Honestly you can read ALL the books you want. You can use all the productivity
apps you want, but when it comes down to it, your own determination is the
only factor that will fight this problem. . If you don't discipline yourself
and avoid procrastination, don't worry about it because guess what? 95% of the
population is just like you. But if you want to become to top 5% of the
population, the crim de la crim, then you better start disciplining yourself.
That's the self-talk mentality I use nowadays.

------
trouble
Wait until the self-hate level is high enough to make me feel unbearably bad
about not doing what I want to be doing. Not a very healthy approach.

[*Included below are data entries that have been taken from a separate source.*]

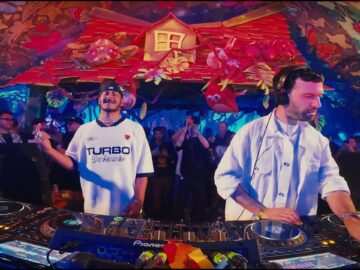 Duck Sauce – ARC Festival elrow Stage (2025 Full Set)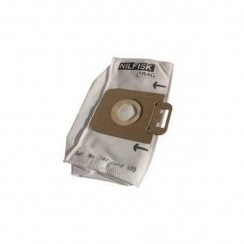 4er Pack Staubsaugerbeutel + Vorfilter POWER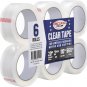 Clear Packing Tape, Various Sizes. 2,3 Inch Wide, 2.0Mil Thickness, 110 Yard per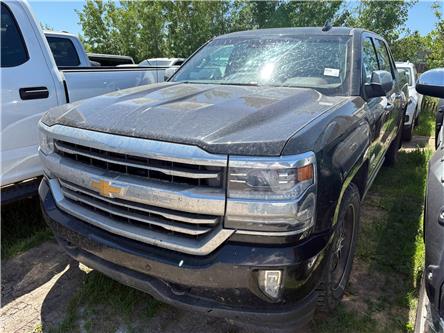 2017 Chevrolet Silverado 1500 High Country (Stk: 20143) in Lethbridge - Image 1 of 2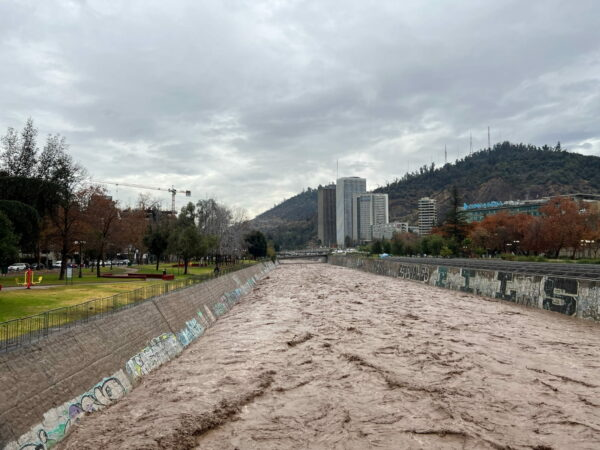 Río Mapocho es declarado Humedal Urbano y se convierte en un hito ambiental para Santiago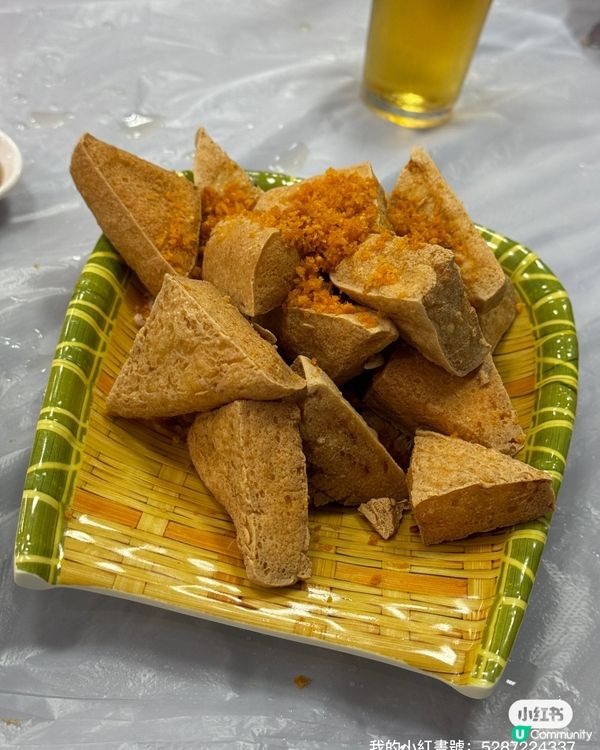 📍香港 | 大埔 | 熟食中心的回憶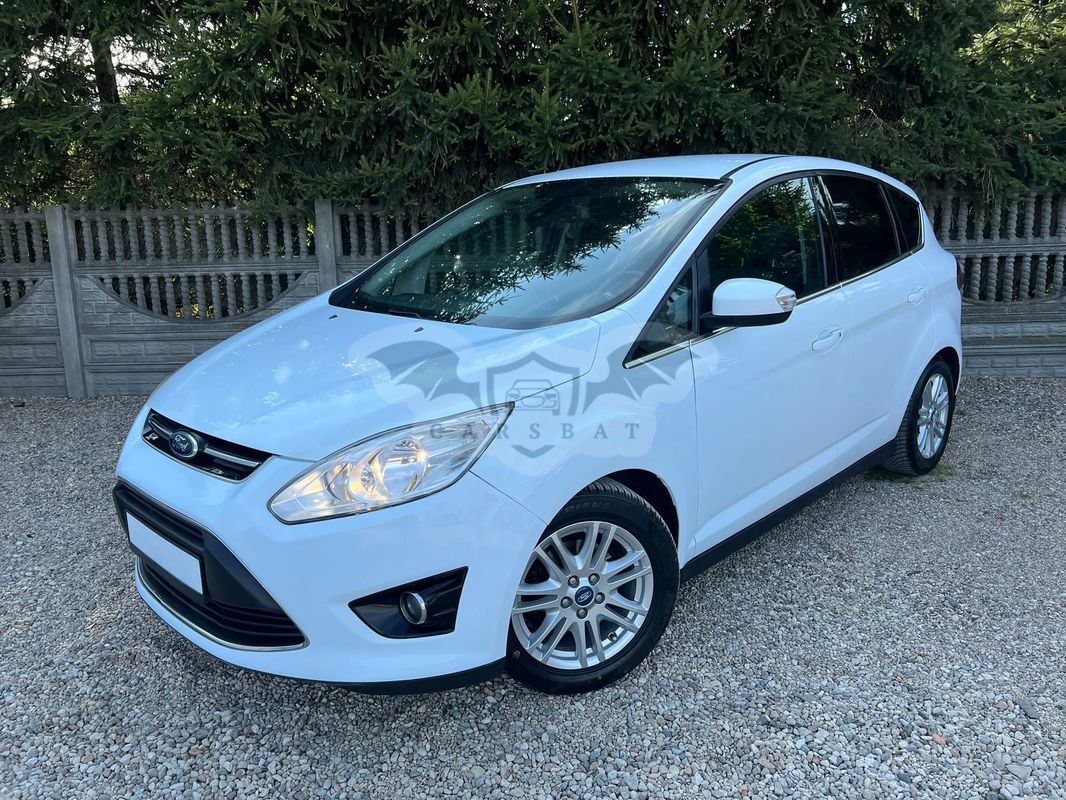 Ford C-Max II 1.6 TDCi Titanium 2010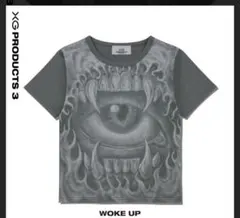 ミュージシャン XG WORK UP Replica Tee (XL) xg - XG WOKE UP Replica Tee（XS）の通販 by あやめ｜エックスジー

I've also been trialling the habit of starting tasks so far ahead of time that
the deadline feels irrelevant. It's quite liberating and something I would
like to keep up.

------
fjabre
There are two of you. It's all about compromise between the two. If you don't
compromise one becomes weak and the other dominant. If one becomes dominant
you, as a whole, become unhealthy and unstable. There are a few hacks here and
there and yours sounds interesting but all hacks are useless with out having
some fundamental balance.

A well rested mind is your best weapon against imbalance. Meditate and stop
drinking coffee.

Procrastination I find is a side effect of an discontented and imbalanced
mind.

------
razzaj
I face the same problem. I think it is a "business owner/entrepreneurial"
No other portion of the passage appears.